Thursday, January 19, 2006

More Miscellanea

At some point I should do a real post (e.g. on lattice fermions and/or on improved actions) again, but for now I will stick with these cheap multi-link posts.

The first item in this one is actually not a link, but an announcement. Matthew has left the quanta behind to become a quant himself -- he now works in a city job in London. We all wish him the very best for his new career, and hope that he will still occasionally find the time to contribute to the lattice world and the physics blogosphere.

The second item is a new experimental determination of the top quark mass published in Physical Review Letters by the CDF collboration, significantly reducing the errors on the top quark mass. Of course, the top quark is so heavy that it never really plays a role in lattice computations.

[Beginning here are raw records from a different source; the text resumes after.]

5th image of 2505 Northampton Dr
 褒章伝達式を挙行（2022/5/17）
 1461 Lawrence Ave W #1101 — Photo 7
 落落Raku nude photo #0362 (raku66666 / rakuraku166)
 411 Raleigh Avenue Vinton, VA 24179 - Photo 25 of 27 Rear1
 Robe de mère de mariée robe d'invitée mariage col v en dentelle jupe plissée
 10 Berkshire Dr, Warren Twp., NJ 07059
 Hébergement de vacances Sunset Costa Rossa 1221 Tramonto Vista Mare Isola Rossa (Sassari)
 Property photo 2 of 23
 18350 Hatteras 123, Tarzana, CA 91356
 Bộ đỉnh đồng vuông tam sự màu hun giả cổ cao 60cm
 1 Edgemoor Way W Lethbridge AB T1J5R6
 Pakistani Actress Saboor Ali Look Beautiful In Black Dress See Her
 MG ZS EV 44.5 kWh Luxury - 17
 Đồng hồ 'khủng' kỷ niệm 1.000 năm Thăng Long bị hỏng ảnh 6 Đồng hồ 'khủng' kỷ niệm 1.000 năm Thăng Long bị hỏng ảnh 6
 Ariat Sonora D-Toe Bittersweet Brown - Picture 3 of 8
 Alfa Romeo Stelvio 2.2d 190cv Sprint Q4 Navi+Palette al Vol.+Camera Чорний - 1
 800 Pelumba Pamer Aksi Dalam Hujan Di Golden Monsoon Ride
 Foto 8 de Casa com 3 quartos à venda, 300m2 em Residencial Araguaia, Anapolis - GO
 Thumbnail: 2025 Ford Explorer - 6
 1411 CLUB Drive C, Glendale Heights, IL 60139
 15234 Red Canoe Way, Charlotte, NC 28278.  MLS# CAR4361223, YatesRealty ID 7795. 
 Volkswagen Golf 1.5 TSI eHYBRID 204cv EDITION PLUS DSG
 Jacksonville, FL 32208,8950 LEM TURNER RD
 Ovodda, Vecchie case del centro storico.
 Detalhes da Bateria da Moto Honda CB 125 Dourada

The third item is a theory paper in which the AdS/CFT correspondence is used to calculate hadronic masses (with mixed success). It is a little funny to see string theory, with all its grand claims to be the TOE (relegating QCD to the status of an effective theory at "low" energies), return as an effective model for the strong interactions (where there is little doubt that QCD is the fundamental theory).

The fourth item is a bit odd. We all know Vector Calculus, of course, and some will know, or have heard of, Regge Calculus, Spinor Calculus and even Lambda Calculus; but what on earth is Bikini Calculus?!? Turns out it is a series of videos with girls in bikinis teaching basic calculus, presumably in order to get the more hormone-driven among the male students interested in the subject. I'm not entirely sure if that is going to work (or even if it is entirely desirable), but I suppose anything that gets past the strange prejudices North American students (I have never seen the same "it's too hard and incomprehensible" attitude with regards to calculus in Europe) seem to have about calculus is a good thing. The site which sells the videos is called www.howtodogirls.com, and I assume that the parsing ambiguity between the intended {{How To Do} Girls} and {How to {do girls}} is entirely intended by the owners.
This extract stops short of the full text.